導入初日は「親子ワークショップ」を行い、iPadの初期設定や家庭でのiPadとの付き合い方について説明し、親子で話し合いながらワークシートへの記載をお願いしたという。ワークシートはコピーし、リビングなど目に留まるところに貼り、家庭でもつねに意識できるよう促した。

「教職員だけでなく保護者全員が同じ情報を共有できるよう、全学年の学校行事の動画や校長先生のあいさつ、学年便りなどが閲覧できるポータルサイト『さとえチャンネル』に加え、『iPadの操作の仕方がわからない』など保護者からの質問や悩みにオンラインで対応する保護者用ポータルサイト『さとえ学園Help Desk』の設置・運営も行っています。保護者から受けた質問とその解決法もすべてサイト内でオープンにし、共有することで、不安の解消につなげています」

学校で使用している主なアプリ(児童の学習アプリは「スタディサプリ」「Qubena」「モノグサ」など、教職員と児童で共有しているアプリは「Google」「Evernote」「Trello」など)の説明や保護者のスキルアップを目的に、保護者向けの「ICT研修会」も年に3〜4回開催。

「保護者の皆さんも、とても頑張ってくださっています。

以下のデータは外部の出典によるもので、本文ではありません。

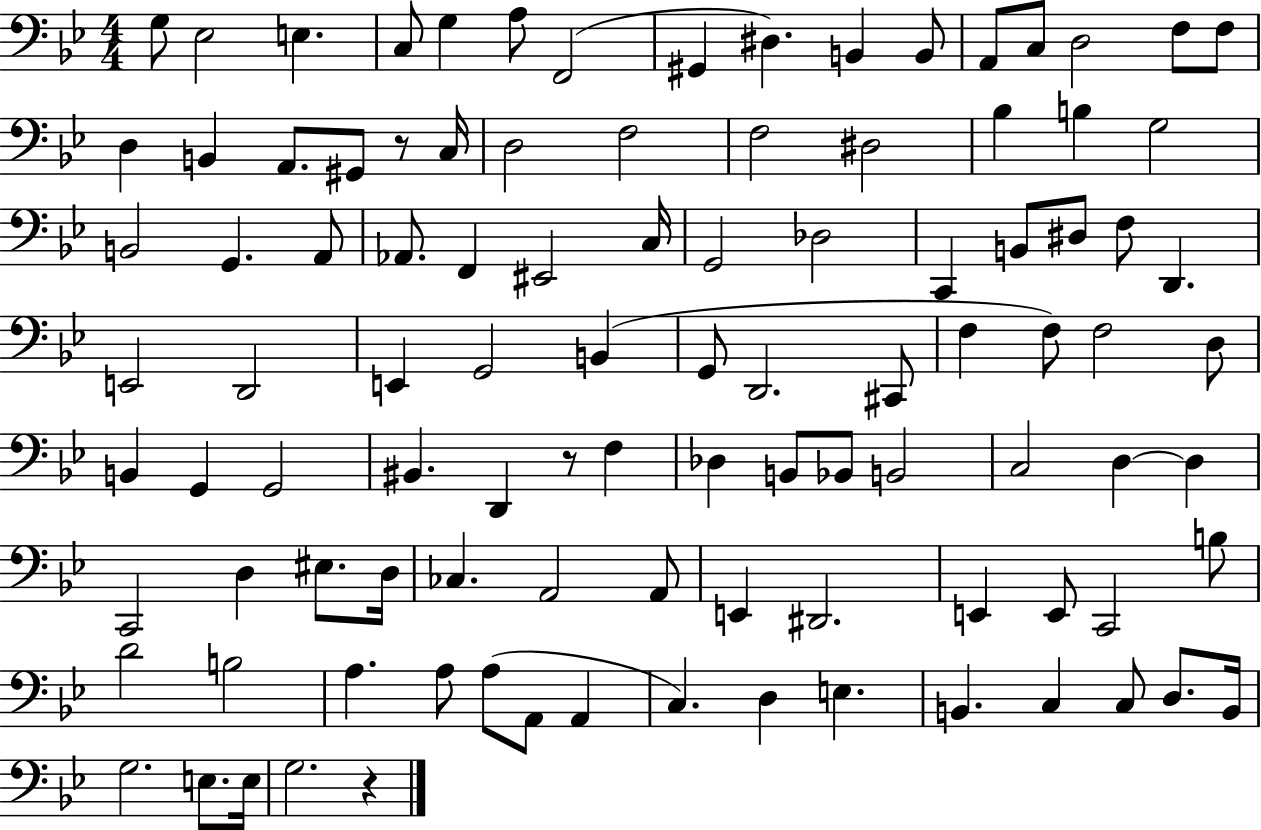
G3/e Eb3/h E3/q. C3/e G3/q A3/e F2/h G#2/q D#3/q. B2/q B2/e A2/e C3/e D3/h F3/e F3/e D3/q B2/q A2/e. G#2/e R/e C3/s D3/h F3/h F3/h D#3/h Bb3/q B3/q G3/h B2/h G2/q. A2/e Ab2/e. F2/q EIS2/h C3/s G2/h Db3/h C2/q B2/e D#3/e F3/e D2/q. E2/h D2/h E2/q G2/h B2/q G2/e D2/h. C#2/e F3/q F3/e F3/h D3/e B2/q G2/q G2/h BIS2/q. D2/q R/e F3/q Db3/q B2/e Bb2/e B2/h C3/h D3/q D3/q C2/h D3/q EIS3/e. D3/s CES3/q. A2/h A2/e E2/q D#2/h. E2/q E2/e C2/h B3/e D4/h B3/h A3/q. A3/e A3/e A2/e A2/q C3/q. D3/q E3/q. B2/q. C3/q C3/e D3/e. B2/s G3/h. E3/e. E3/s G3/h. R/q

今まで『デジタルは苦手です』と尻込みしていた方も、子どもたちの頑張りを目にしたり周りの保護者に触発されたりすることでスイッチが切り替わり、成長していく姿を目の当たりにし、子どもたちのみならず、保護者全体のレベルアップを実感しています」

「さとえ式レベルアップ型ルール」にも、保護者がチェックする項目を設け、家庭との連携が組み込まれている。ルール変更などの情報はサイト上に随時アップされており、保護者もいつでも共有することができるようになっている。

セブ島のネイティブの先生とつないで英会話(左上)、オンライン授業参観(左下)、自身の意見の根拠をタブレットで集める(右上)、記録ツールとしてタブレットを使用した授業(右下)

21年度から3年生以上は「CYOD」をスタート

「これまで教育界では、新しい教育を始める際、『完璧を目指してスタートする』という風潮が強かったと思います。しかし、先行き不透明な時代といわれる今だからこそ最初から完璧を求めず、まずは最低限できることからスタートし、先を想定しながら前に進み、改善すべき点が出てきたら素早く軌道修正していく“アジャイル”的な考え方が必要なのではないかと思います」という山中氏。

「さとえ式レベルアップ型ルール」で保護者と協働しながら子どもたちのICT活用のスキルとモラルの向上に取り組んできた同校は、次のステップとして、21年度より3年生以上は「CYOD」(Choose Your Own Device=学校から提示された端末・条件の中から自由に選んで使用すること)をスタートした。

3年生が考案したオンラインリアルタイム投票

最終的には、子どもたちが自らiPadを管理し、スキルアップやモラル面での自己コントロール力を身に付け「BYOD」(Bring Your Own Device=個人所有の端末を学校に持ち込んで活用すること)を目指していくという。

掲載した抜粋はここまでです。